Perebutan kekuasaan Pejabat Israel tidak segera berkomentar dan tidak jelas apakah Israel akan mengizinkan kegiatan pemilihan berlangsung di Yerusalem Timur, seperti yang telah dilakukan sebelumnya. Pemilu direncanakan di sana, begitu pula Tepi Barat dan Jalur Gaza. “Kami memiliki alternatif lain dan yang penting adalah orang-orang dari Yerusalem dapat ikut serta dalam pemilihan,” kata Hanna Nasir, ketua Komite Pemilihan Pusat Palestina, Sabtu.

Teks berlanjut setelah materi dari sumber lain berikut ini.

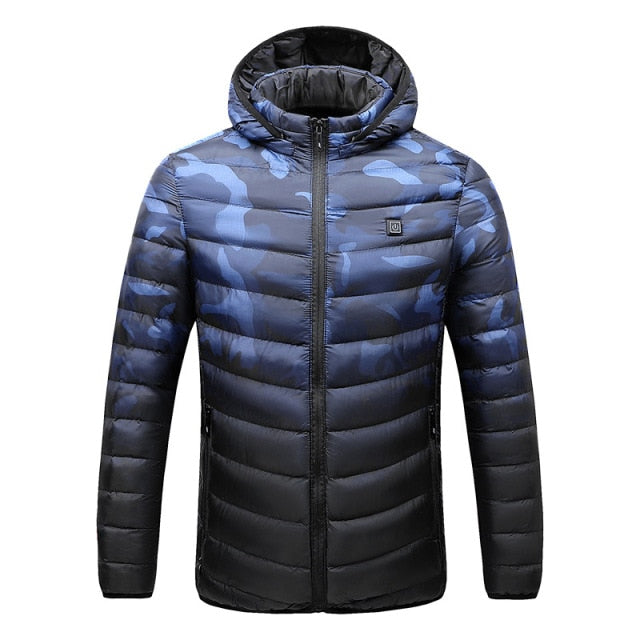 Men’s 2023  Winter Jacket USB Heated Techwear Hooded Fleece Outerwear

Pemungutan suara parlemen terakhir pada tahun 2006 berakhir dengan kemenangan mengejutkan oleh Hamas dalam pemilihan nasional pertama kalinya, menciptakan keretakan dengan Fatah yang merosot menjadi perang saudara ketika Hamas menguasai Gaza pada tahun berikutnya. Gaza sekarang menjadi benteng Hamas, sementara basis kekuatan Abbas berada di Tepi Barat yang diduduki Israel.

Kedua kelompok tersebut telah gagal mencapai rekonsiliasi yang langgeng, dan janji sebelumnya untuk menyelenggarakan pemilu tidak terpenuhi. Kelompok hak asasi menuduh keduanya menekan oposisi politik. Abbas mengatakan pemilihan parlemen akan diadakan pada 22 Mei dan pemilihan presiden pada 31 Juli.

Dia menang pada 2005 tapi masa jabatannya hanya berlangsung empat tahun. Banyak orang Palestina biasa yang skeptis. “Mereka akan menemukan seribu alasan untuk membatalkannya; Israel, perlawanan, pembagian kekuasaan, apa saja. Saya tidak punya harapan, ”kata seorang pria Gaza, yang meminta untuk tidak disebutkan namanya karena dia melanggar penguncian virus corona.

Zuheir al-Khatib, seorang dokter berusia 57 tahun dari Bethlehem, lebih optimis. “Ini adalah keputusan yang 100 persen bagus, pantas selama lebih dari 15 tahun, jika tidak lebih, kita seharusnya memulai sebuah negara dan dengan demikian harus memiliki demokrasi,” katanya.